Es curioso, sin embargo, el hecho de que los romanos tardaran tanto tiempo en descubrir la fidelidad de las estatuas y su amor por la gran urbe, aunque bien puede atribuirse tal ceguera a cierto com­plejo de culpa por los excesos cometidos en tiempos anteriores (como el siglo IV, cuando se colocaban las esculturas de las cabezas de famosos políticos de la época sobre restos de estatuas antiguas). Bien puede pensarse que los romanos sabían perfectamente de esta fidelidad, y que era para su protección que llegaron a acumular en las calles de Roma, de acuerdo a Curiosum Urbis y Notitia Urbis, 22 estatuas ecuestres, 88 estatuas de divinidades bañadas en oro, 74 de divini­dades labradas en marfil y 3785 estatuas de bronce, aparte de 36 arcos de triunfo, y esto en la tardía época imperial, venida ya a menos la grandeza romana. Ceguera o no, la verdad es que, antes aún del epi­sodio bélico en el Mausoleo de Adriano, las estatuas habían dado ya numerosas pruebas de su amor a Roma: fue a su ac­titud de estática vigilancia y patriótica inmovilidad que la urbe no perece del to­do en los incendios provocados por Alarico el año 410, por Genserico en 455 y en 472 por Ricimero.
Una de las demostraciones de fidelidad de las estatuas que más nos conmueven es la que dan a propósito de la visita de Constante II a Roma, cuando se pone de manifiesto de una vez para siempre que las estatuas, como los caballeros, sólo for­man al lado de las causas perdidas. Cerca de doscientos años más tarde de la caída del Imperio de Occidente, Roma, después de mucho tiempo de no ver la cara de un emperador, recibe en el 663 a Constante II, quien llega a la ciudad con el apenas oculto propósito de llevarse a Constantinopla todo lo que de la vieja ciudad valga la pena.

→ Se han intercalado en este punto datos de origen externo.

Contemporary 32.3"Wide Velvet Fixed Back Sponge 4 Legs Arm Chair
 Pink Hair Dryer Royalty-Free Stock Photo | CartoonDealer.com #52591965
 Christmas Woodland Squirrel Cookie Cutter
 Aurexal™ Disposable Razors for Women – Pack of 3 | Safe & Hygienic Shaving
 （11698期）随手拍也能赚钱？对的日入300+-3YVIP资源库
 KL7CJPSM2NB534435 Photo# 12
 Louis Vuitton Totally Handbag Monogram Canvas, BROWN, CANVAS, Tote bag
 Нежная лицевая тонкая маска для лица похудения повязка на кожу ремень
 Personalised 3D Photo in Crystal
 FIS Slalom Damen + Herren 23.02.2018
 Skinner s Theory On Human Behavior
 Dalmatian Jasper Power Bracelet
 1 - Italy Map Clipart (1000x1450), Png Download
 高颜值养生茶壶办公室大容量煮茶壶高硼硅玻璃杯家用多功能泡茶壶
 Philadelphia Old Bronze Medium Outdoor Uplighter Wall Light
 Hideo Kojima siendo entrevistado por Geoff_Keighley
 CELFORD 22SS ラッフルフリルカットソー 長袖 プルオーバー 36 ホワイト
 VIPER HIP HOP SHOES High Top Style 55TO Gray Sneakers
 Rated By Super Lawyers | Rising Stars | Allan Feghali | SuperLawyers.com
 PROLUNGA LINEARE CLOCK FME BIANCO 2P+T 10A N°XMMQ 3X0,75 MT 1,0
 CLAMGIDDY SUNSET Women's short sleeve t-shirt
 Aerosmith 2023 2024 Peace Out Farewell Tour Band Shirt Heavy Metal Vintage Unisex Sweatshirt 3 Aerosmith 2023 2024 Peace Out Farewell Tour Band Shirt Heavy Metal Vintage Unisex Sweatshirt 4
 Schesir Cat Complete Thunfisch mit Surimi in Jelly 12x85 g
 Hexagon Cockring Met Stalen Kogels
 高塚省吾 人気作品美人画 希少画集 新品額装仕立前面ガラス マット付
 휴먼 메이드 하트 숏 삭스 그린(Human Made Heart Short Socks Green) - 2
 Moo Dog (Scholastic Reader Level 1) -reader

Le echa mano por eso a cuanta pieza de metal ve, incluyen­do el techo de placas de bronce dorado del Panteón que su predecesor, Focas, había regalado al Papa el año 609. Constante II llena las bodegas de su nave con el botín, y parte a adornar las calles y las plazas de su metrópoli. Pero las estatuas romanas se confabulan y hunden el barco en Siracusa, con todo y emperador. Es innecesario agregar que las estatuas, debido a su naturaleza, no tenían posibilidad alguna de salvación en el naufragio, cosa que, por saberla bien ellas, hace más que ejemplar su heroico acto. Esta fidelidad de las estatuas a la ciu­dad de Roma (donde vivían, en un mo­mento dado, tantas estatuas como habi­tantes) se debió más que todo a los amo­rosos cuidados que los Cumtor statuarum les prodigaban. Se cuentan casos (no extraordinarios, por cierto, en época tan extraordinaria) en que estos empleados del gobierno citadino abandonaron a sus mujeres y a sus hijos para residir a la sombra de sus estatuas favoritas, para ellos más queridas que la familia.